Zugleich zogen am Mittwochabend in Leipzig zehntausende Menschen auf die Straße, Pegida-Anhänger wie Gegendemonstranten. Nach einer Todesdrohung aus islamistischen Kreisen gegen Bachmann hatte die Polizei alle Montagsdemos vorsichtshalber untersagt. In einer Pressekonferenz stellten sich daraufhin Bachmann und seine Co-Sprecherin Kathrin Oertel der so genannten „Lügenpresse“, wie Pegida die Medien gerne pauschal verhöhnt. Bachmann steht seither unter Polizeischutz. Er rief die Pegida-Sympathisanten dazu auf, am Mittwoch nach Leipzig auszuweichen und am Montag wieder nach Dresden zu kommen.
Zuletzt 25.000 Menschen
Bachmann, ein scharfer Rhetoriker mit Parka und Siebentagesbart, schwang sich im Herbst zum Rädelsführer der Wutbürger auf. Dem Sohn eines Fleischermeisters, ein gelernter Koch und Chef einer kleinen Fotoagentur, waren im Spätsommer die deutschen Waffenlieferungen für die Kurden im Kampf gegen die Jihadisten-Milizen des IS sauer aufgestoßen. Nach einem Internet-Posting Bachmanns versammelten sich ein paar Dutzend Mitstreiter zum ersten „Abendspaziergang“ in der Dresdner Innenstadt. Nach und nach schwoll die Zahl der Anhänger auf zuletzt 25.000 Menschen an – und manchem Aktivisten wurde der Erfolg selbst ein wenig unheimlich, während andere sich in einen Rausch hineinsteigerten. Die vermeintlich „schweigende Mehrheit“ hatte ein Sprachrohr gefunden. Jenseits von Sachsen fasste die populistische Bewegung bisher kaum Fuß, in vielen Großstädten provozierte sie Gegendemonstrationen.

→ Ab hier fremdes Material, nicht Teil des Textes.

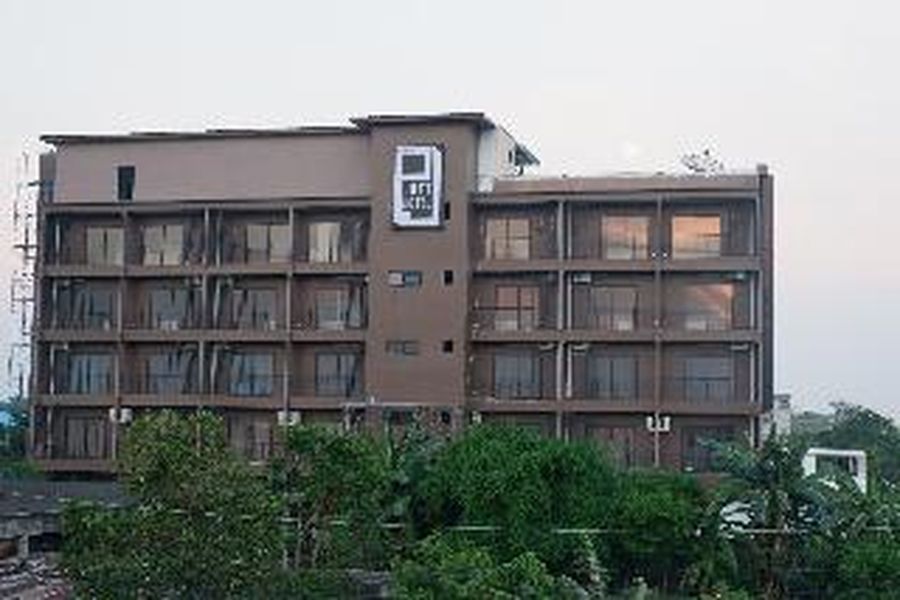 photo-3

Die kriminelle Vergangenheit Bachmanns, seine Einbrüche, seine Nähe zum Rotlicht-Milieu, seine Drogendelikte, seine dreieinhalbjährige Haftstrafe, seine Flucht nach Südafrika, wischten seine Anhänger gerne beiseite. Lieber ergötzten sie sich an seiner Polemik. Ohne ihren „Führer“ wird die Bewegung womöglich nun an Dynamik verlieren.